Eudora school district considering relocating preschool program to West Elementary

The Eudora school district is exploring using vacated classrooms in a school now used mainly for district offices as a way to free up classrooms at Eudora Elementary School.

Superintendent Steve Splichal said the Eudora school board is considering moving the students in the Eudora Elementary School preschool program to West Elementary next school year. The $45 million 2007 bond referendum that provided the $27 million to build Eudora Elementary School also provided funds to convert classrooms at West Elementary for preschool and kindergarten use. Those classrooms were used for that purpose from the fall of 2009 until state budget cuts in 2010 prompted the district to move preschool and kindergarten programs to Eudora Elementary School. In addition to housing the district’s administrative offices, West also contains offices for the Southeast Kansas Education Service Center.

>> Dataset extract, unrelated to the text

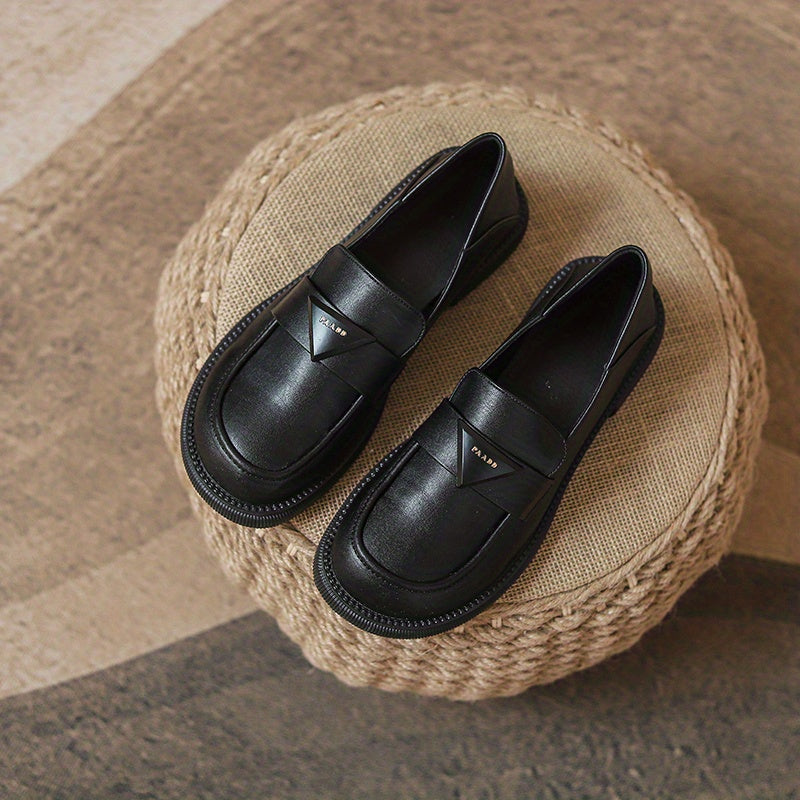 Women's Triangle Decor Loafers Slip On Walking Shoes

“We have a good facility at West,” Splichal said. “It is something the board is taking a look at. The facility has been well cared for. With the space available, it makes sense to use it.”

The district’s preschool program has an enrollment of about 70 students in its morning and afternoon classes, Splichal said. Its relocation to West would free up four classrooms, he said.

With an enrollment of 880 students, Eudora Elementary, which is home to all the district’s preschool through fifth-grade students, is one of the largest elementary schools in the state, Splichal said. The district’s largest grade-level enrollments are at the elementary level, he said.

An enrollment assessment the district contracted last year indicated Eudora would continue to see slow and steady growth under current conditions. Anything that would add more activity in the community, such as new housing or the development of the Nottingham property, would require an update of the enrollment analysis, Splichal said.

Nottingham Elementary was the home of the district’s preschool, kindergarten, first- and second-grade classes before the opening of Eudora Elementary School. The district sold the vacant school and surrounding property last year to the city of Eudora, which is currently exploring its redevelopment with CBC Real Estate Group into a mixed-use retail/residential center.

West could provide an additional safety valve against enrollment growth beyond the move under consideration, Splichal said. However, he pointed out that Eudora Elementary was designed so that a sixth pod, or group of classrooms, could be added to its existing five pods.

“We have the space for a sixth pod, and the utilities are all in the ground,” he said. “There will be a time when the board and the community will have a conversation on if it make sense to build a sixth pod. We’re not ready to start that conversation and probably won’t be for a couple of years, but it’s always there as we continue to look at enrollment projections and class sizes.”